# Deep_CNN_MNIST
This code below is all about CNN model to classify MNIST datasets. It is demonstrating a deep CNN model code simulation. 

In this notebook, I use cross-validation to check the performnace in validation set and trianing dataset. To make cross-validation easily, I use F-fold cross validation which is supported by sklearn.


In [1]:
import torch
import numpy as np
import torch.nn as nn
import torch.optim as optim
from torchvision import datasets,transforms
import torch.nn.init as init
from torch.utils.data import DataLoader, Dataset, SubsetRandomSampler, ConcatDataset
from sklearn.model_selection import KFold

In [2]:
device = 'cuda' if torch.cuda.is_available() else 'cpu'
print('device: {}'.format(device))         

device: cuda


In [3]:
torch.manual_seed(777)
if device == 'cuda':
    torch.cuda.manual_seed_all(777)

In [4]:
transform = transforms.Compose([
    transforms.ToTensor(), 
    transforms.Normalize(mean=[0.5],
                         std=[0.5])
    ])

MNIST_train = datasets.MNIST(root='/MNIST', train=True , transform=transform , download=True)
MNIST_test  = datasets.MNIST(root='/MNIST', train=False, transform=transform , download=True)

print('The length of MNIST train set:',len(MNIST_train))
print('The length of MNIST test set :',len(MNIST_test))

The length of MNIST train set: 60000
The length of MNIST test set : 10000


  return torch.from_numpy(parsed.astype(m[2], copy=False)).view(*s)


In [5]:
class ConvNet(nn.Module):
    def __init__(self):
        super().__init__()
        self.conv1 = nn.Conv2d(in_channels=1, out_channels=16, kernel_size=5, stride=1, padding=2)
        self.max_pool1 = nn.MaxPool2d(kernel_size=2, stride=2)
        self.conv2 = nn.Conv2d(in_channels=16,out_channels=32, kernel_size=5, stride=1, padding=2)
        self.max_pool2 = nn.MaxPool2d(kernel_size=2, stride=2)
        self.relu = nn.ReLU()
        self.drop1 = nn.Dropout2d(p=0.5)
        self.drop2 = nn.Dropout2d(p=0.1)
        
        self.fc1 = nn.Linear(32 * 7 * 7, 96)
        self.fc2 = nn.Linear(96, 10)

    def forward(self,x):
         # convolution
         # x:[64, 1, 28, 28] 

         # (activation width + 2*padding - kernel_size) / stride + 1 => next width of next activation map
         # (28 + 4 - 5) / 1 + 1 = 28 => (28 -2) / 2 + 1 = 14
         # [64, 16, 14, 14]
         out = self.relu(self.max_pool1(self.conv1(x)))
         
         # (14 + 2*2 - 5)/ 1 + 1 = 14 => ((14-2)+2*0) / 2 + 1 = 7
         # [64, 32, 7, 7]
         out = self.relu(self.max_pool2(self.conv2(out)))
         
         # flatten => convert 4 dimension into 2 dimension([64, 32, 7, 7]->[64, 1568])
         # [64, 1568]
         out = out.view(out.size(0),-1)
         
         # fully connected layer
         # [64, 96]
         out = self.relu(self.fc1(out))
         out = self.drop2(out)
         
         # [64, 10]
         out = self.fc2(out)
        
         # return shape: [64, 10]
         return out


In [6]:
model = ConvNet()

In [7]:
criterion = nn.CrossEntropyLoss()

# Concat two datasets to make a one big datset
dataset = ConcatDataset([MNIST_train, MNIST_test])
print("The length of total dataset:", len(dataset))

# Hyper parameters
num_epochs = 10
batch_size = 64
k = 10
splits = KFold(n_splits = k, shuffle=True, random_state=777)

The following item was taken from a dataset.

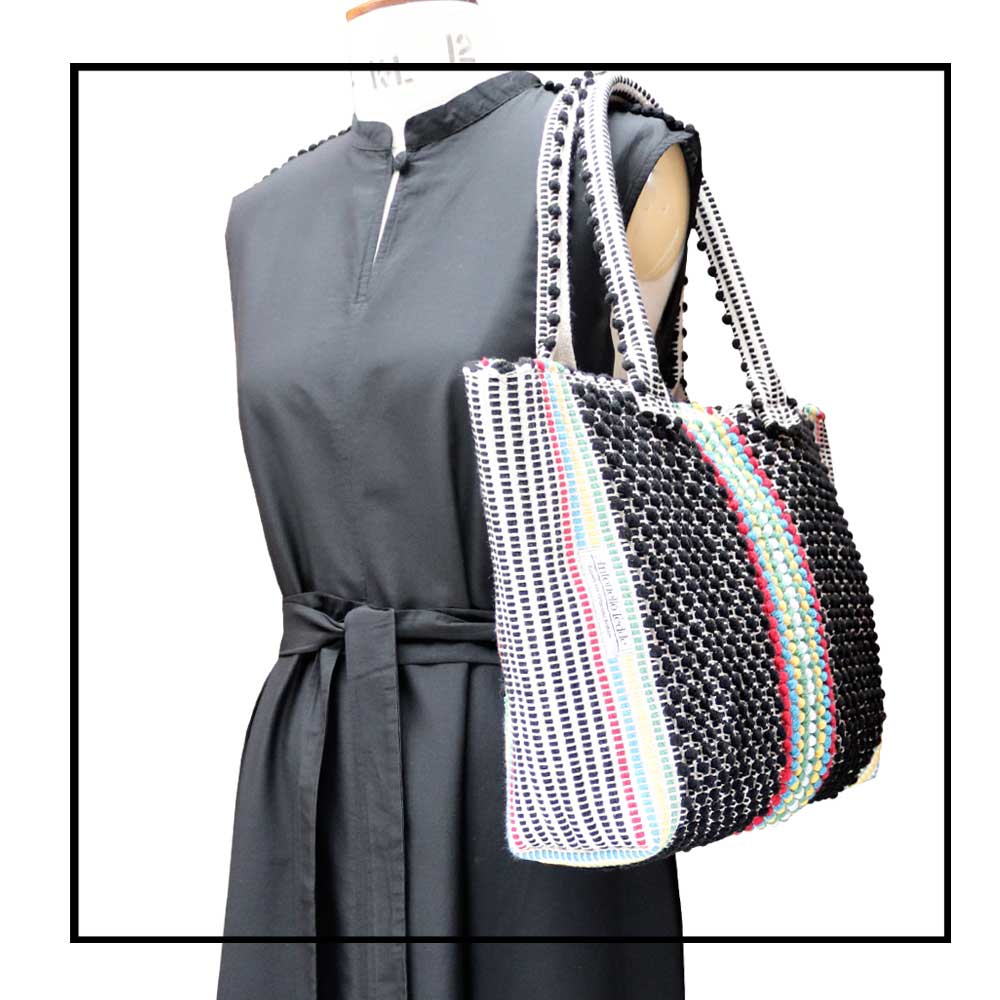 URTEI Strisce Multi. Ethically Crafted Sardinian Handwoven Cotton tote: Sustainable Elegance preserving traditions BLACK bag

# Store performance per fold
fold_performance={}

The length of total dataset: 70000


In [8]:
def train_epoch(model, device, dataloader,criterion, optimizer):
    train_loss, train_correct = 0., 0
    model.train()
    for num, (images, labels) in enumerate(dataloader):
        images, labels = images.to(device), labels.to(device)
        # images: [64,1,28,28] labels: [64]
        # labels are not one-hot encoded. Instead, they are consist of 1-dimentional numbers such as 0, 1, 2,...,9.
        output = model(images)
        loss=criterion(output,labels)
        #print(loss)

        optimizer.zero_grad()
        loss.backward()
        optimizer.step()
        # loss is the mean of mini batch(64 datas) cross entropy loss. 
        # Therefore, we can get approximate total mini batch cross entropy loss by multiply the number of images with loss.
        # train_loss = train_loss + loss * the number of images(batch size)
        train_loss += loss.item() * images.size(0)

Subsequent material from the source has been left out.